(Data excerpts)

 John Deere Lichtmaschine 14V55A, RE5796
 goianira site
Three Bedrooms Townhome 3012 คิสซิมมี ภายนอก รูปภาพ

(End Data excerpts)
(Data excerpts)

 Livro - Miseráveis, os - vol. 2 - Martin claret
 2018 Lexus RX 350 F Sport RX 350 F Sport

(End Data excerpts)
(Data excerpts)

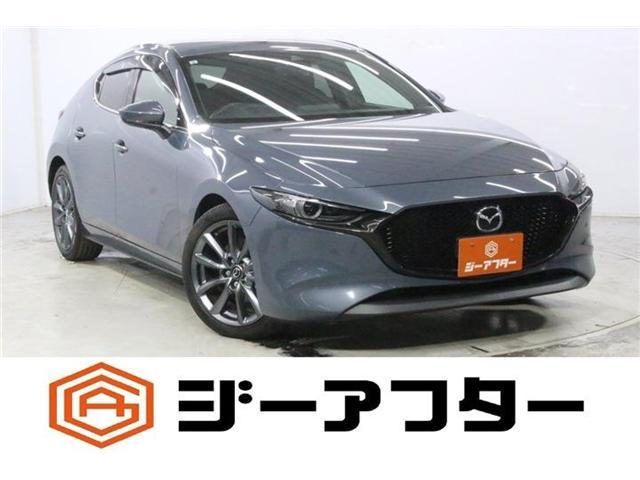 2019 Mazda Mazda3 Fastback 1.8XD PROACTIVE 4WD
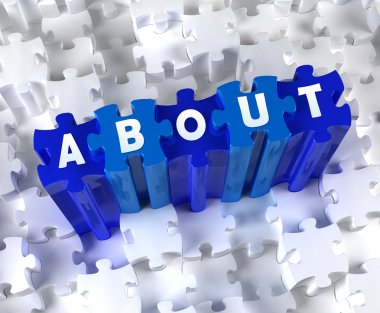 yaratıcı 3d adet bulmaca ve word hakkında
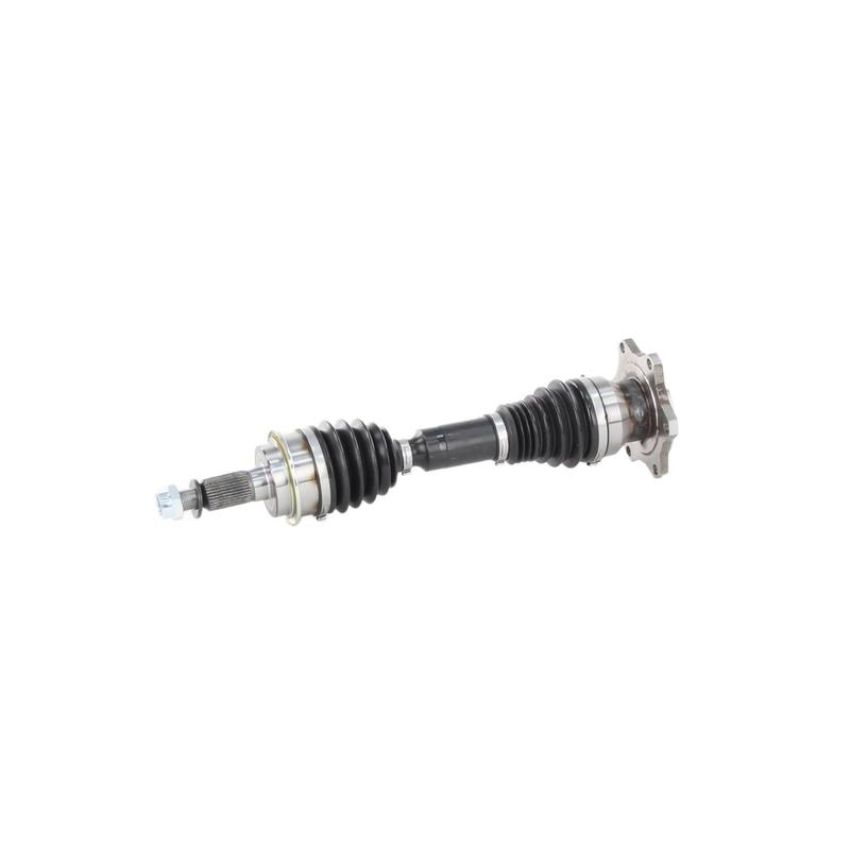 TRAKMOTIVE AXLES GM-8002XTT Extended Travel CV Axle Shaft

(End Data excerpts)

Starting with the line that contains "yaratıcı 3d adet bulmaca ve word hakkında" and finishing with the line that contains "TRAKMOTIVE AXLES GM-8002XTT", reproduce every line of the material above exactly, but not the pictures.

- **Solution to this problem**
 yaratıcı 3d adet bulmaca ve word hakkında
 TRAKMOTIVE AXLES GM-8002XTT Extended Travel CV Axle Shaft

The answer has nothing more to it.